Did the director prevail “on the merits” in the underlying claim?

Whether a director prevailed is not always obvious. If the director won the case because the plaintiff waited too long to sue (violating the statute of limitations), was it on the merits? What if the director prevailed on some but not all parts of the claim? Or what if there was a settlement and no resolution on the merits?

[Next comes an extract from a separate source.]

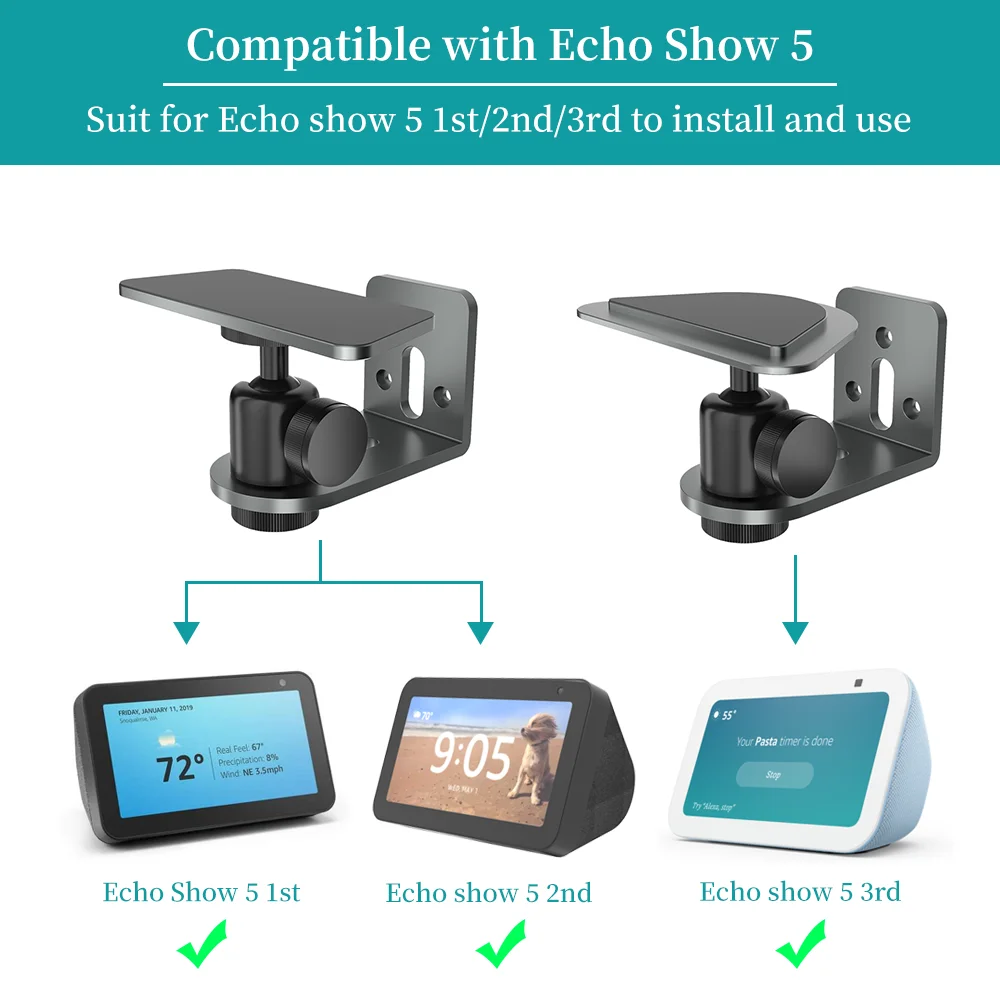 Wall Mount Stand for Echo Show 5 1st/2nd/3rd Adjustable Aluminum Horizontal Support Holder with Strong Magnetic for Echo Show 5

Sometimes, in the case against the director, the court will determine whether the director is entitled to indemnity. However, if not, the board must evaluate whether the director prevailed. All indemnification decisions should be made at an executive session meeting. The minutes should detail the board’s basis for agreeing or not agreeing to indemnify. Only directors who are not seeking indemnity should participate in the meeting. If the number of directors participating is less than a quorum, the indemnity question should be put to a membership vote.

Can the board indemnify a director who lost or settled the underlying claim? Can the Bylaws mandate indemnification when the director does not prevail?

Yes, if the board determines that the losing director acted in good faith and association’s best interest, the disinterested directors (or the membership) can authorize indemnification. The Bylaws can be amended to provide for this “discretionary indemnity.”

Can the director be indemnified even if the Bylaws are silent?

Yes. CC §7237 vests the board with discretion to indemnify the director irrespective of express authority to do so in the Bylaws so long as the director acts in good faith.

• The statute’s subjective good faith requirement provides the board with broad discretion to indemnify, or to refuse to indemnify, a director who fails to prevail, or who has not yet prevailed.

Can litigation defense costs be advanced before the director prevails?

Yes. While a final decision on the director’s mandatory right to indemnity cannot be made until the claim concludes, a board can but is not required to agree to advance legal expenses to defend the claim. To do so, the director provides the association with an “undertaking” to repay the association if it ultimately turns out the director was not entitled to indemnity. An undertaking could be a bond or other financial instrument. In California, a promise from the director that they will repay the association for expenses advanced if they are ultimately denied indemnity might be acceptable. Each situation must be separately analyzed.

What if there is insurance?

There is an exception to the rule limiting indemnification until the conclusion of the claims, and this concerns insurance. Generally, an insurer must immediately defend directors and prior directors when they are sued, regardless of whether the association has a duty to indemnify, even over the board’s objection. Such defense and indemnity rights depend on timely reporting and other insurance conditions. But even this protection has a wrinkle: if the insurance policy has a “self-insured retention” (“SIR”) (basically like a deductible) that must be paid before the insurer’s obligation to pay defense costs “kicks in,” the director may yet be faced with having to pay this retention “up front” before insurance is triggered. The director likely will ask the association to advance this cost. If the association itself has also been sued, the “SIR” may be satisfied by the association’s payment for itself.

What is the manager’s role?

Management should recommend that the board obtain the broadest possible liability coverage with the smallest SIR. Having an insurance broker explain defense and indemnity coverages to the board is advisable. To maximize insurance coverage, claims against directors must be reported timely. Management should involve counsel quickly to assist in communicating with the director(s) that are the target of a claim. Management should work with counsel to draft the notices, assist in the indemnity voting process, and communicate with the director concerning their indemnity requests.

Steven S. Weil, Esq., is Founding Principal of Berding & Weil, LLP and has practiced community association law since 1984.
Thomas M. Ware, II, Esq., is Partner in the law firm of Kulik Gottesman Siegel & Ware LLP. He has focused on the representation of HOAs, their directors, officers and community managers since 1989.